— Work instructions —
From the entries below, write out exactly the lines between the line holding "VANOMi 54.33 Console" and the line holding "1 Set Casual", inclusive, excluding any pictures.

— Given data —
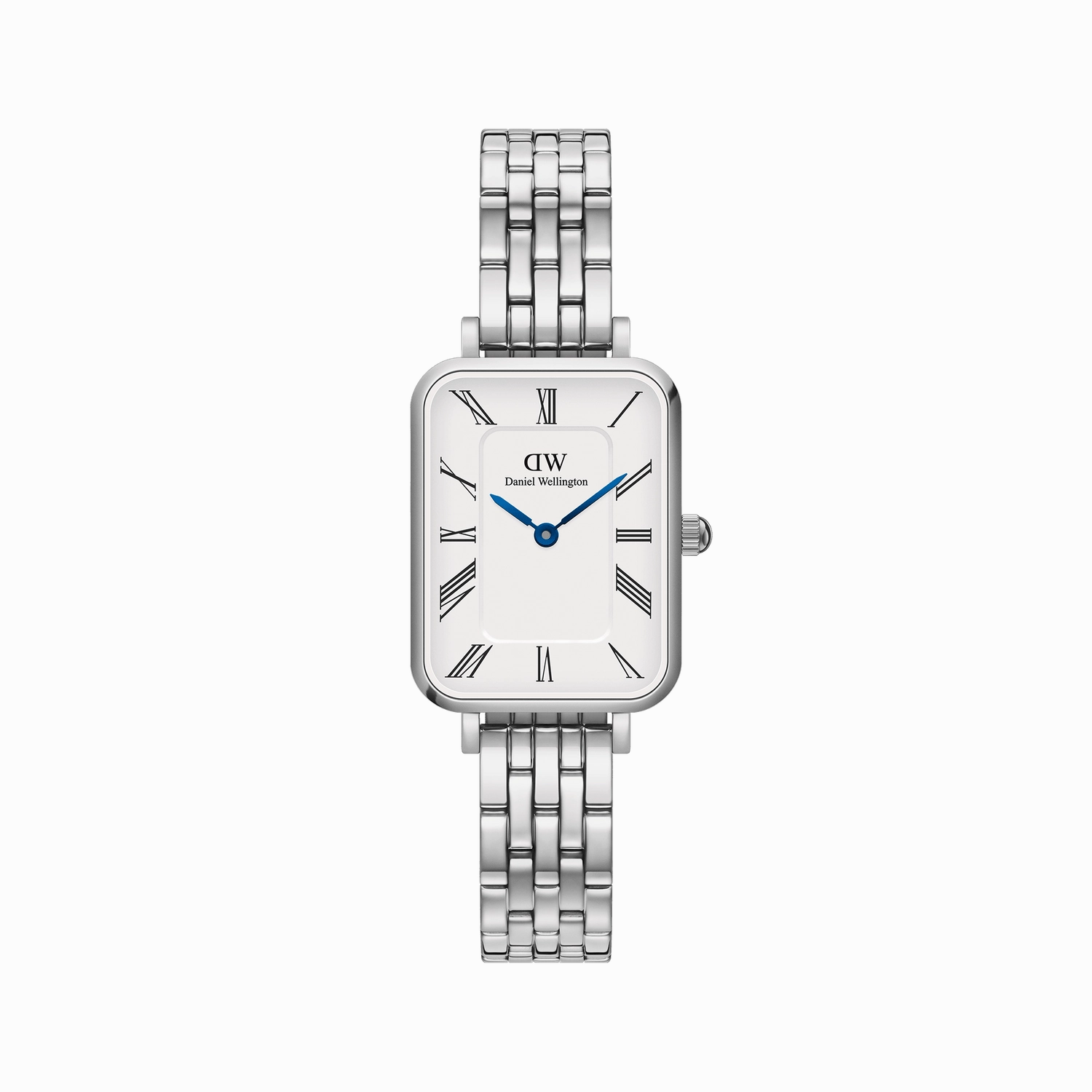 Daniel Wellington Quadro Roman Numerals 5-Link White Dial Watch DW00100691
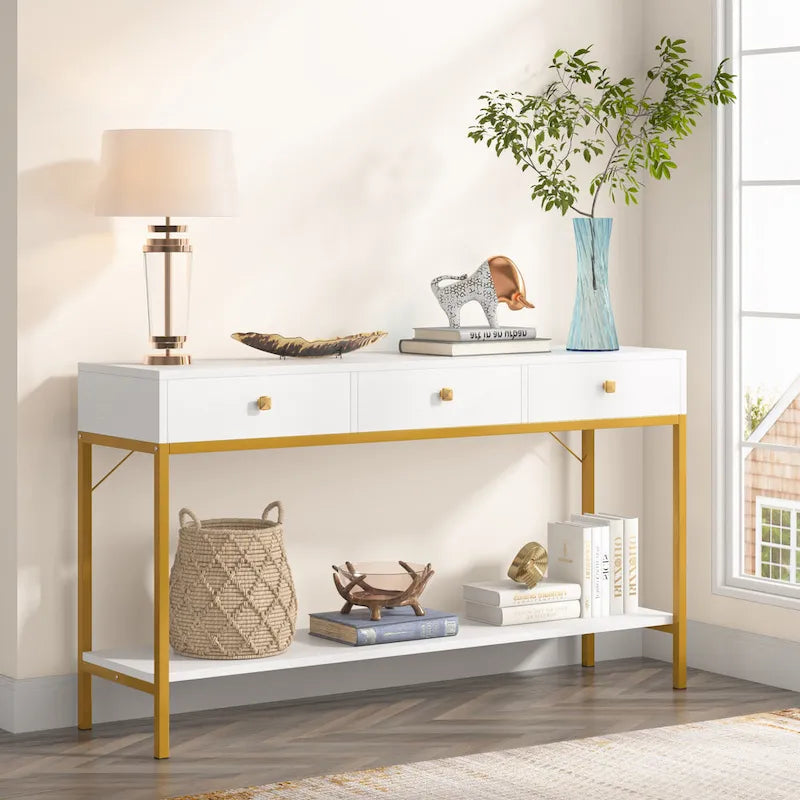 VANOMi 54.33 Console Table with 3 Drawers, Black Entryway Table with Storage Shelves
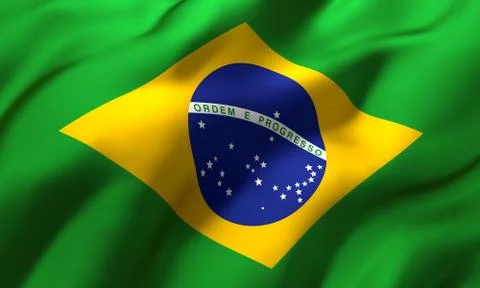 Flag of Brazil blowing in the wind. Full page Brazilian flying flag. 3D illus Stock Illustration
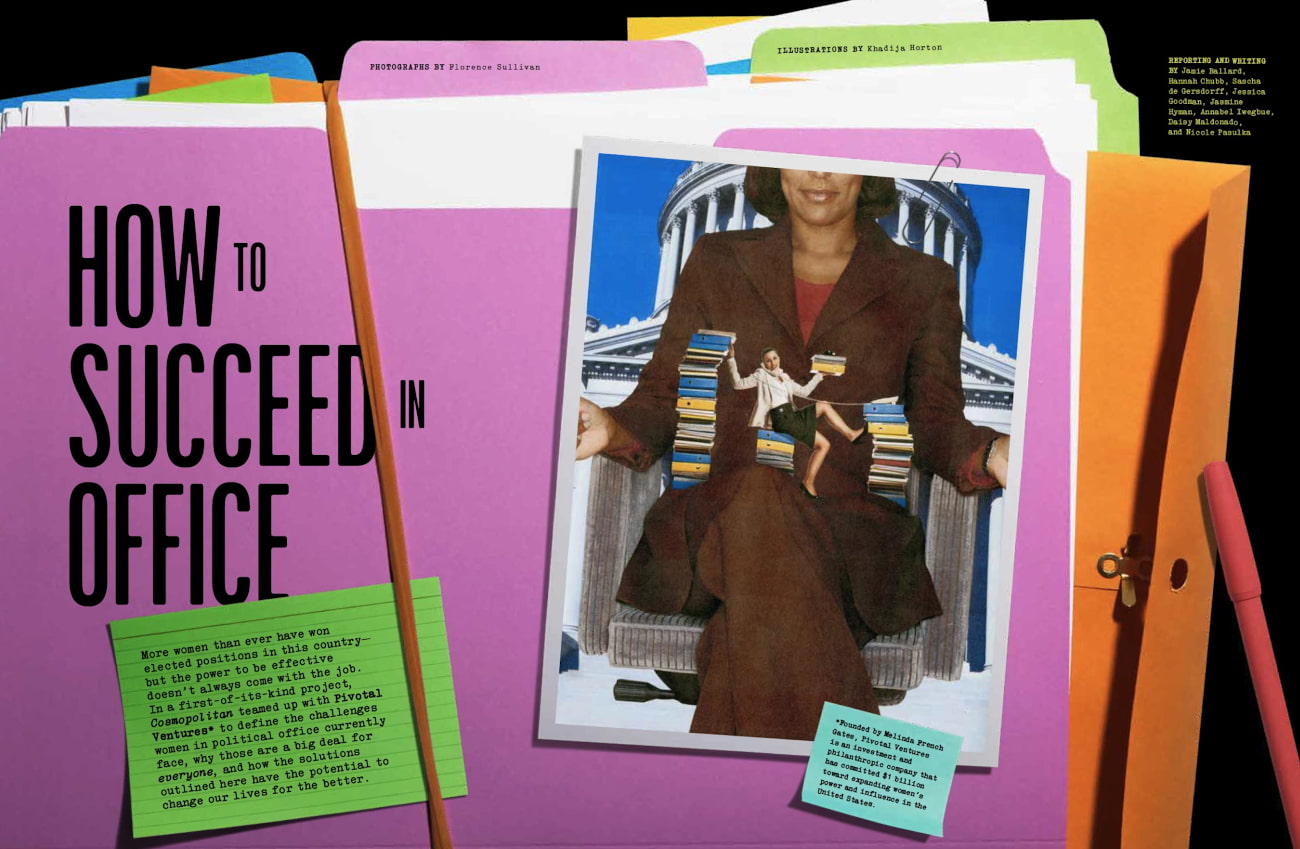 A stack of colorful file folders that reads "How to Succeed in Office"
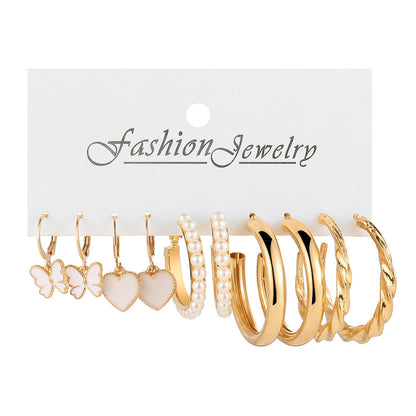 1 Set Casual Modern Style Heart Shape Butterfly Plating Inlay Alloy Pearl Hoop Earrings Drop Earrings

...

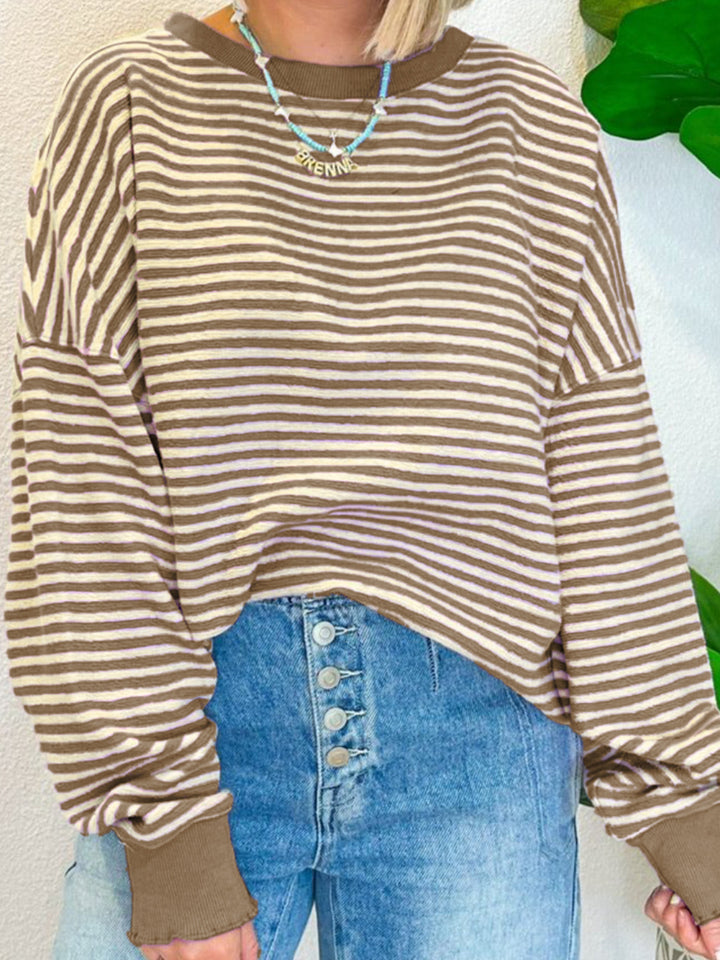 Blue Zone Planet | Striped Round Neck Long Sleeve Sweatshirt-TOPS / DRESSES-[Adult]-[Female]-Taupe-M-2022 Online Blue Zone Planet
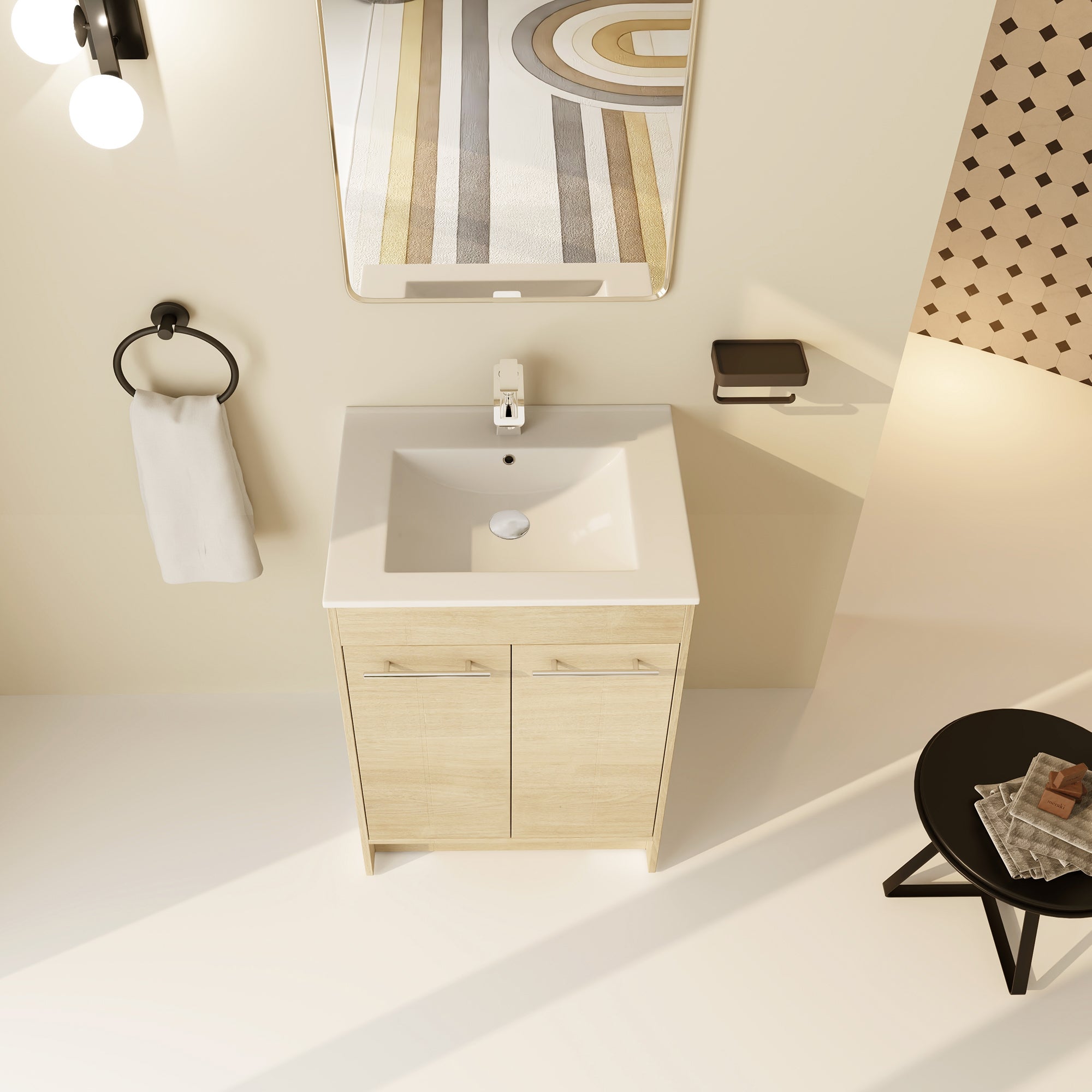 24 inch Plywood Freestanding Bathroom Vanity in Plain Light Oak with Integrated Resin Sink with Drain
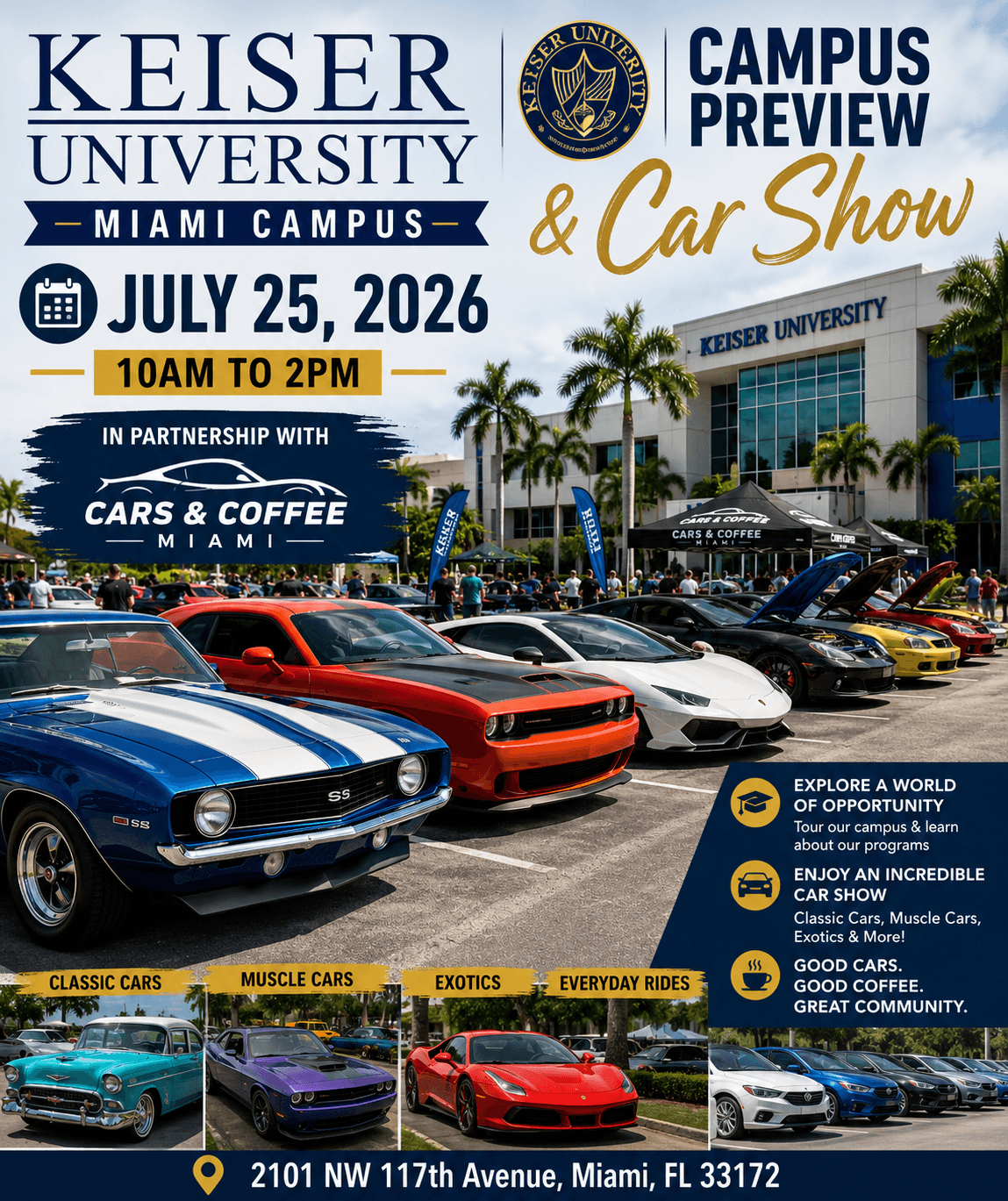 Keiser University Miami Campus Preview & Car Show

* * *

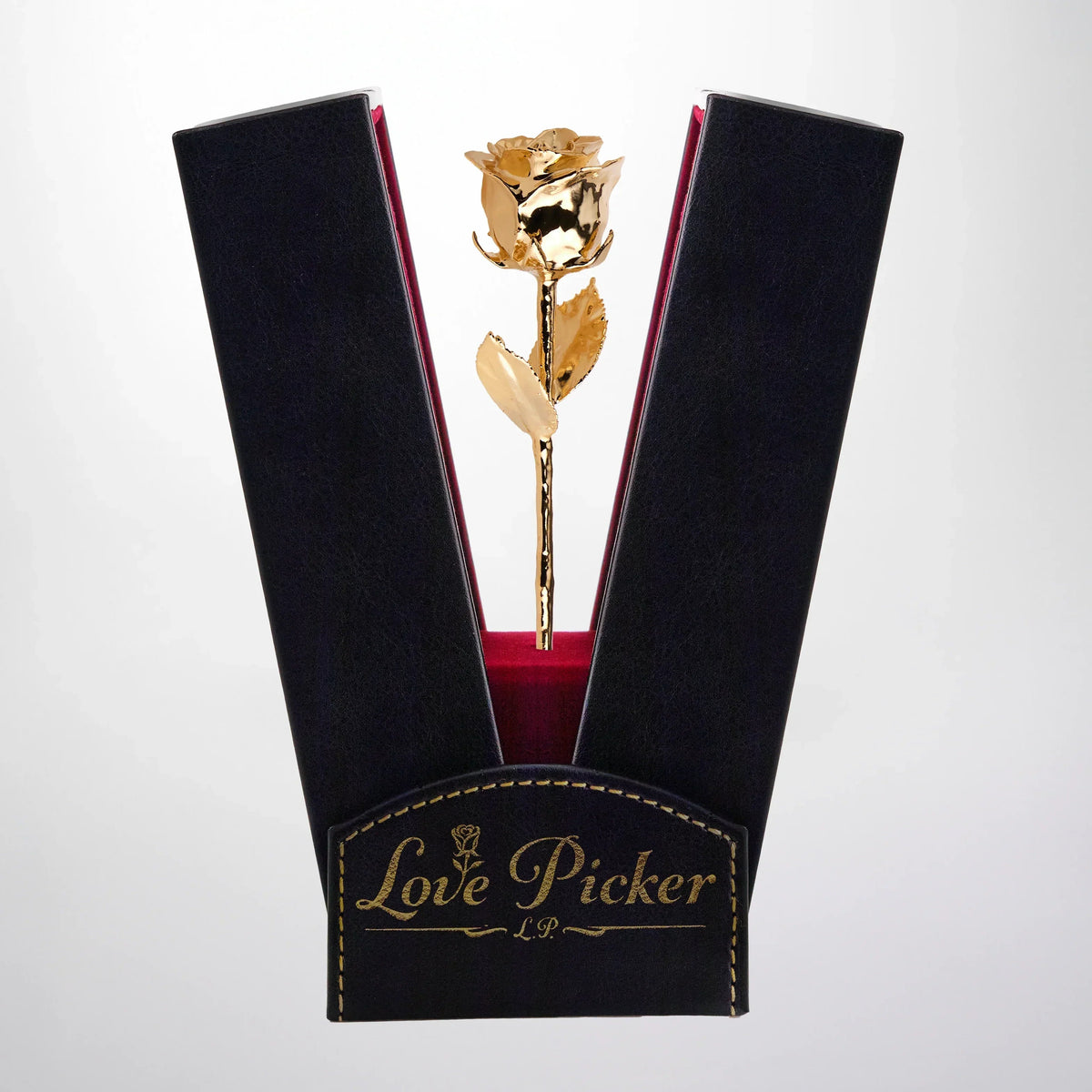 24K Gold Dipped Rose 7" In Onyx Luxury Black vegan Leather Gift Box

— Written answer —
 VANOMi 54.33 Console Table with 3 Drawers, Black Entryway Table with Storage Shelves
 Flag of Brazil blowing in the wind. Full page Brazilian flying flag. 3D illus Stock Illustration
 A stack of colorful file folders that reads "How to Succeed in Office"
 1 Set Casual Modern Style Heart Shape Butterfly Plating Inlay Alloy Pearl Hoop Earrings Drop Earrings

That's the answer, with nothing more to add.